Hence, some P2P lending sites might well decide to stick to their knitting by pushing on with their existing strategies, in the hopeful belief that future profitability will finally arrive. For instance, Funding Circle has just decided to move away from property-development lending in order to stick with its core market of business loans.

P2P sites might charge lenders more

In order to reach for profits, some P2P lending websites might be tempted to increase their “spreads” – the cut they take for themselves that creates a difference between (higher) borrower rates and (lower) lender rates. This would lead to ‘rate compression' for individual lenders, which conceivably could mean permanently lower returns. Similarly, it might mean higher rates being demanded of borrowers, making P2P loans less attractive in comparison with those on offer from traditional lenders.

Fewer opportunities for individual lenders

If ongoing returns to lenders do come under downward pressure, it will likely discourage some individual P2P lenders from risking their spare cash in return for reduced rates. Were this to happen, we might see even less individual lending and more lending from institutions (e.g. investment funds).

Taken together, these possible future events and outcomes would most probably lead to lower potential returns for lenders and other investors – including the likes of star fund manager Neil Woodford, whose growth fund has invested around £20 million into Ratesetter.

Four ways to protect your lending against potential disruptions

If the P2P lending market does endure an ‘existential crisis' in future, with players shifting about to try to find out what proves profitable, what can individual lenders do to offset or reduce these risks?

Of course, none of us can control what happens to the overall P2P lending market. Therefore, what is most important is that we focus clearly on our own primary risk control. It's our responsibility when lending our own money – and no-one else's – to ensure that our loans are sufficiently strong to survive unanticipated changes that will arise from time to time.

In short, how can we lessen the effects of potentially negative market movements? As with any investment portfolio, the key is careful risk management and control, underpinned largely by proper diversification. This diversification should include most, if not all, of the following safeguards:

1. Asset allocation, which means how your total wealth is divided up between different asset classes (different types of investment).
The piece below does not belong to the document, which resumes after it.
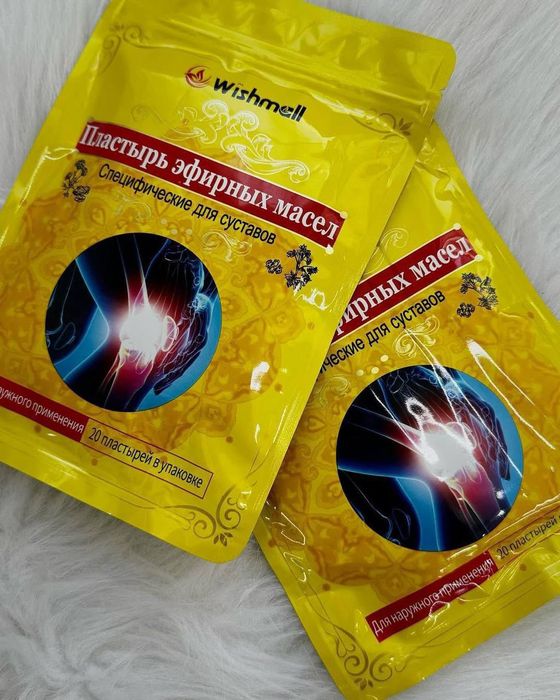 Пластыри на эфирных маслах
Personally, I would argue that UK investors with established and diversified investments should assign perhaps 5% and certainly no more than 10% of their total wealth to P2P lending.

2. Platform diversification, which means spreading your P2P lending across multiple P2P lending websites – or “platforms”. By not keeping too many eggs in a single basket, you are less vulnerable to any P2P website going bust. To be clear, that doesn’t mean you lose all or even any of your money, and history so far shows otherwise, as we explained in The 13 Key Peer-To-Peer Lending Risks Risks. But a bust P2P lending site can, at the very least, mean lots of worry and delays in you getting your money back.

3. In addition, for P2P lenders genuinely worried about their exposure, it makes sense to seek out the operators that have either received a lot of money from start-up investors or are already profitable (as well as players that could be profitable were they to choose to stop investing for growth).

4. Lastly, for extra reassurance, UK investors might stick to lending through websites authorised by the UK’s own regulator, the Financial Conduct Authority. These are required to have clear and specific plans for an orderly wind-down in the event they go bust (including setting aside a minimum £50,000 to collect and chase existing loans until individual lenders have been repaid).